16 Oktober 2017

Quirlig-laut und ohne (?) Plan

Bevor es losgeht: ich habe diesmal viele Bilder hochgeladen und spare mir die Mühe des Platzierens. Sie kommen alle unter dem Text!

Ganz so, wie es die Überschrift mit Fragezeichen beschreibt, ist es nicht. Irgendwer hat sich einiges ausgedacht, während die Stadt Saigon entstand. Immerhin leben an dem Ort seit mehreren tausend Jahren Menschen. Wenn man aber einen Stadtspaziergang macht, kommt einem schon ab und zu der ganz mitteleuropäische Gedanke: "wo ist die Ordnung in dem Ganzen?" Du stehst an einer Strassenkreuzung ohne Ampel (immerhin gibt es jetzt welche auch in Saigon) und fragst dich, wie es geht, dass alle Richtungen gleichzeitig fahren und kein Moped mit einem anderen zusammenstösst. Du läufst durch einen Markt, der Weg zwischen den Ständen ist vielleicht 2 Meter breit und übervölkert und trotzdem schaffen es Leute, mit wiederum ihren Töffs in beiden Richtungen (!) zusätzlich unterwegs zu sein. Du stehst an einer Kreuzung, dein Blick fällt auf einen Strommasten, an dem ein grosses Kabelgewirr hängt und trotzdem hat nahezu jede Familie Strom. Die Lösung in letzterem Beispiel ist relativ einfach: wenn ein neuer Kunde kommt, wird einfach ein neues Kabel verlegt. Wahrscheinlich bleibt das alte dann einfach tot hängen. Die anderen Probleme lassen sich mit der deutschen oder schweizerischen Rechtsordnung nicht klären. Muss vielleicht auch nicht sein. In Saigon leben trotzdem über 8 Millionen Menschen.

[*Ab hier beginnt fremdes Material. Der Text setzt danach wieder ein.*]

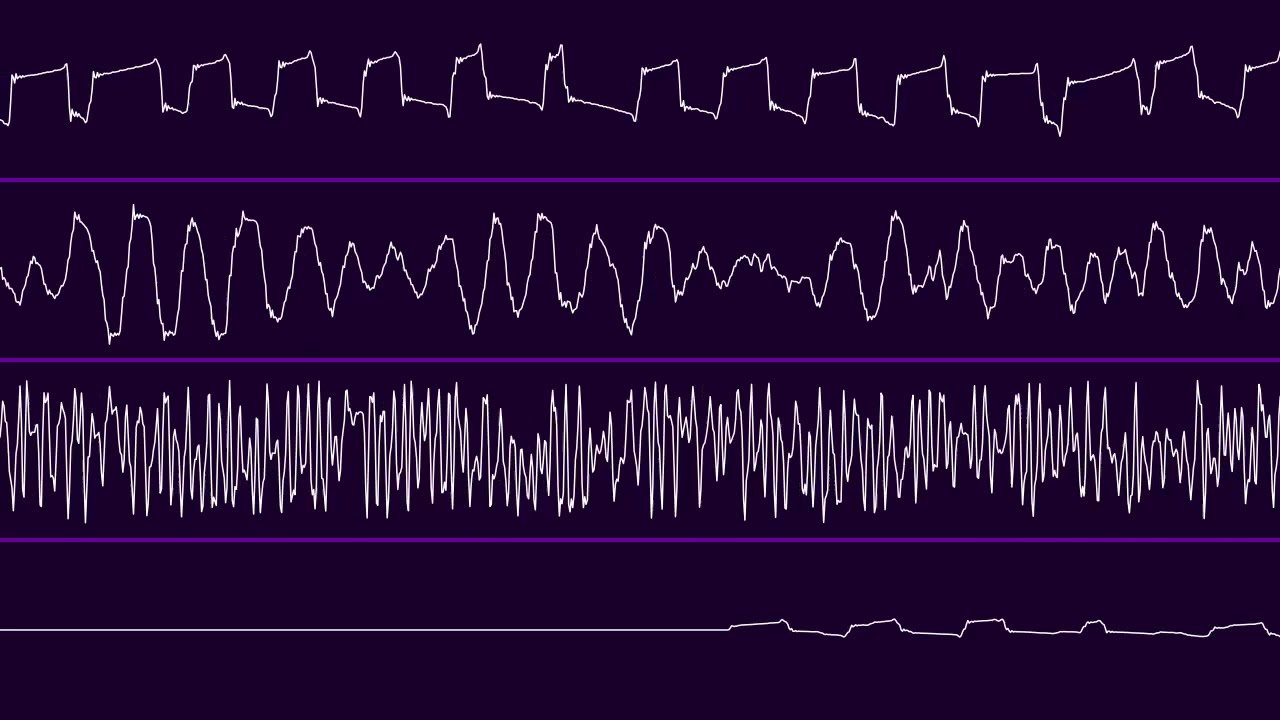 Muffler - austin powers [.MOD, Oscilloscope]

Wie so häufig reichen ein paar Tage schlecht aus, um die Stadt etwas tiefer zu ergründen. Immerhin habe ich meinen Guide Jerry an meiner Seite, der mir nicht nur fürsorglich die Strasse beim Überqueren freihält, sondern auch das Programm professionell abwickelt und den Weg kennt. So habe ich am gestrigen Sonntag eine Stadtrundfahrt mit wichtigen Highlights erhalten und die wunderschönen Gebäude aus der französischen Kolonialzeit gesehen, wie zum Beispiel das Postamt. Früher war das ein Bahnhof und heute ist es wieder eine grosse Poststelle mit Andenkenläden und - wie es sich für ein kommunistisch regiertes Land gehört - einem grossen Bildnis von Ho Chi Minh an der Stirnseite der Haupthalle. Die Telefonzellen, die zu jedem Postamt gehören, beherbergen heute Geldautomaten...
Der frührere Präsidentenpalast - heute genannt: der Wiedervereinigungspalast - ist ein modernes Bauwerk aus den 60er Jahren. Der Name lässt etwas Propaganda vermuten, doch das hielt sich letztlich in Grenzen. Im Parkgelände ausgestellt waren lediglich 2 Panzer, die am 1. Mai 1975 das Tor zum Gelände durchbrachen und damit die Eroberung ganz Vietnams durch die Volksbefreiungsarmee komplett machten. Im Palast, den der damalige Präsident fluchtartig verlassen hat, kann man heute die Kabinettsräume, das Büro des Präsidenten, sein Schlafzimmer, das seiner Gattin und den Bunker im Keller besichtigen. Alles fein säuberlich instand gehalten. Nur für die Wiederherstellung der Grossen Treppe in der Eingangshalle wollte die Regierung offenbar kein Geld ausgeben. Nach ihrer Zerstörung (das einzige, was 1975 zerstört hier wurde) gab es nur einen Pappmasché-Neubau für das Auge. Alle Besucher müssen sich über die Dienstbotentreppen ins Obergeschoss bemühen.
Abgesehen von der Geschichte, die dieser Ort mit sich trägt, ist das Gebäude ein eigentlich wunderschönes Stück moderner Architektur. Luftig und offen, die raumhohen Fenster hinter den Betonsäulen lassen sich im Ganzen öffnen, so dass immer ein leichter Wind durch das Gebäude weht. Eine natürliche Klimatisierung in diesem tropischen Land.
Nur im Grossen Versammlungsraum mit einer absurden Mischung aus Plüsch in Rot und Gold wacht Ho Chi Minh, der zum Zeitpunkt des Kriegsendes bereits ein paar Jahre tot war, über den Kommunismus in seinem Land. Sicher lächelt er auch weiter milde, wenn in dem Saal jährlich junge Paare zu einer gemeinsamen Hochzeit (?) eingeladen werden oder der Raum von grossen Konzernen für Firmen-Events gemietet wird, wie mir Jerry wissen liess - pecunia non olet...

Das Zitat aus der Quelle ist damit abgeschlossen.